Am 16. September wird das Co:llabortory – so ne Art temporärer Think Tank von Google, bei dem ich eingebunden bin – seine Ergebnisse zu der Initiative „Privatheit und Öffentlichkeit“ präsentieren. Ich weiß noch gar nicht, ob ich da irgendwie aktiv was sagen werde. Da bin ich auf jeden Fall. Anmelden kann man sich hier.

* * *

Am 22. September werde ich bei der Business School Potsdam mit Leuten über das Internet diskutieren.

Positivismus

Ich bin immer so negativ. Immer beschwere ich mich. Klar, ich bin ein Blogger. Ein Netzmensch. Wenn wir den Mund aufmachen, haben wir was zu meckern.

Aber heute nicht. Heute will ich mich mit dem Positiven beschäftigen. Heute will ich loben, empfehlen und werben. (Und bevor jemand fragt: ja, ich weiß, dass „Positivismus“ etwas anderes heißt, als Dinge gut zu finden.)
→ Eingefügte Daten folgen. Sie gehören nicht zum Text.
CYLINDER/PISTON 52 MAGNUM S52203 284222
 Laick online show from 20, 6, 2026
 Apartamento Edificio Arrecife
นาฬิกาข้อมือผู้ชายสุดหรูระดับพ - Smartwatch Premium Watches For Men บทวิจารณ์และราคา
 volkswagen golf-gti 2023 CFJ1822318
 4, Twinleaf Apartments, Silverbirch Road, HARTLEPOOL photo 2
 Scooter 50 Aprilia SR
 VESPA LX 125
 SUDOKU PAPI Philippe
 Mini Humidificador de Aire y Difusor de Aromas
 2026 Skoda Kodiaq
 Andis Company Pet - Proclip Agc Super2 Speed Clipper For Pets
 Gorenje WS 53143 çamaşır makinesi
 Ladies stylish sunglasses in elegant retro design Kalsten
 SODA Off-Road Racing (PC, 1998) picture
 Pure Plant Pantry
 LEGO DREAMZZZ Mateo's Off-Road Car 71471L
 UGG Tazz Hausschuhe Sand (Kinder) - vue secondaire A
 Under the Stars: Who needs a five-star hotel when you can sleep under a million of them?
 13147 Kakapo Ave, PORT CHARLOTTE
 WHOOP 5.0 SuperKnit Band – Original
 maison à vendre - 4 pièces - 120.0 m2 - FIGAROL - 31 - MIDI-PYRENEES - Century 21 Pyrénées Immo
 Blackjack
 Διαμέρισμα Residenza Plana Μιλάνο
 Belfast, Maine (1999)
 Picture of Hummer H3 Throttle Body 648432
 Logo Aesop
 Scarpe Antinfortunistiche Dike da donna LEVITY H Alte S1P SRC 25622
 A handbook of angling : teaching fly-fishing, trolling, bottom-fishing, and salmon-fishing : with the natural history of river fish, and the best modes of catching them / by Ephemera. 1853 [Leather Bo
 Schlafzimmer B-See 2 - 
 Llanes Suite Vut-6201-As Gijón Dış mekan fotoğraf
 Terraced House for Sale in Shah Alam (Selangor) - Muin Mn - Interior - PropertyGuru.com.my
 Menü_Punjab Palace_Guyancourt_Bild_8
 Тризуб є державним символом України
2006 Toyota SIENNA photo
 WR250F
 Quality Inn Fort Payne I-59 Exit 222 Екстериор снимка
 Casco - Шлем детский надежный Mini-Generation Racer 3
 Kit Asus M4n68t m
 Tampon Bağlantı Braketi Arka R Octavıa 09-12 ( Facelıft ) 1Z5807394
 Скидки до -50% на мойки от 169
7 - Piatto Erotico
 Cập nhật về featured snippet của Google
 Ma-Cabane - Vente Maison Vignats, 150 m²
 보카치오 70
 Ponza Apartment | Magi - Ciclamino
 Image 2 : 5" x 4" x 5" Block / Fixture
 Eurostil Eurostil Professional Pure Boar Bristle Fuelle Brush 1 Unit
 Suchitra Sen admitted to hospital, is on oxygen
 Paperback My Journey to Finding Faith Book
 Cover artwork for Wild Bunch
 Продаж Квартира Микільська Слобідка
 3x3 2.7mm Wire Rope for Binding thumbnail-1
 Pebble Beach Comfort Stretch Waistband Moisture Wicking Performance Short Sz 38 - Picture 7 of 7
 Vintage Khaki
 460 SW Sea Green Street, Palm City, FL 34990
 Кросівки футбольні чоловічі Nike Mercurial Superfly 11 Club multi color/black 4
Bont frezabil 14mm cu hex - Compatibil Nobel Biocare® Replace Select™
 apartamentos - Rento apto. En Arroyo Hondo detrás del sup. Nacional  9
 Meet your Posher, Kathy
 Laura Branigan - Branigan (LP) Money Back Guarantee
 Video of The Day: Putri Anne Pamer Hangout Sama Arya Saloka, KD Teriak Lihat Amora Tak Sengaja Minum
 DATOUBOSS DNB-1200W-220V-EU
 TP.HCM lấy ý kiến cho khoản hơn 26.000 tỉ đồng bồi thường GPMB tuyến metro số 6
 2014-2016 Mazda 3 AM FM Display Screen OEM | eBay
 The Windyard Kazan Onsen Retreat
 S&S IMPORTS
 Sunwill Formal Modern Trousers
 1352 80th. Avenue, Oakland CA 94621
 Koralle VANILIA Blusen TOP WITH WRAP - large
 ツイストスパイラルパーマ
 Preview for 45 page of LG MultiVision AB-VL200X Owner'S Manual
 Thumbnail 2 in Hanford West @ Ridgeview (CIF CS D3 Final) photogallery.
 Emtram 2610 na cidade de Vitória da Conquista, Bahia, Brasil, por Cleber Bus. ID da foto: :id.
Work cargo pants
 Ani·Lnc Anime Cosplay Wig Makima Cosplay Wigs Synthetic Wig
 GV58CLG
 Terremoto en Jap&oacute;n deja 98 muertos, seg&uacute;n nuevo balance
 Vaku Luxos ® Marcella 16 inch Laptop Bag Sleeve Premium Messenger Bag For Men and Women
1. Christian Stöcker hat ein Buch geschrieben. Nerd Attack! Ich hab es gelesen und bin sehr angetan. Es ist – egal was er sagt – ein Generationenbuch. Es ist schließlich auch die Langfassung von Stöckers großem SPON-Artikel „Generation C64„. Also mein Generationenbuch, also das meiner Generation. Ich hab das alles auch so, zumindest sehr ähnlich erlebt. Christan Stöcker ist etwas älter als ich, aber insgesamt passt das schon.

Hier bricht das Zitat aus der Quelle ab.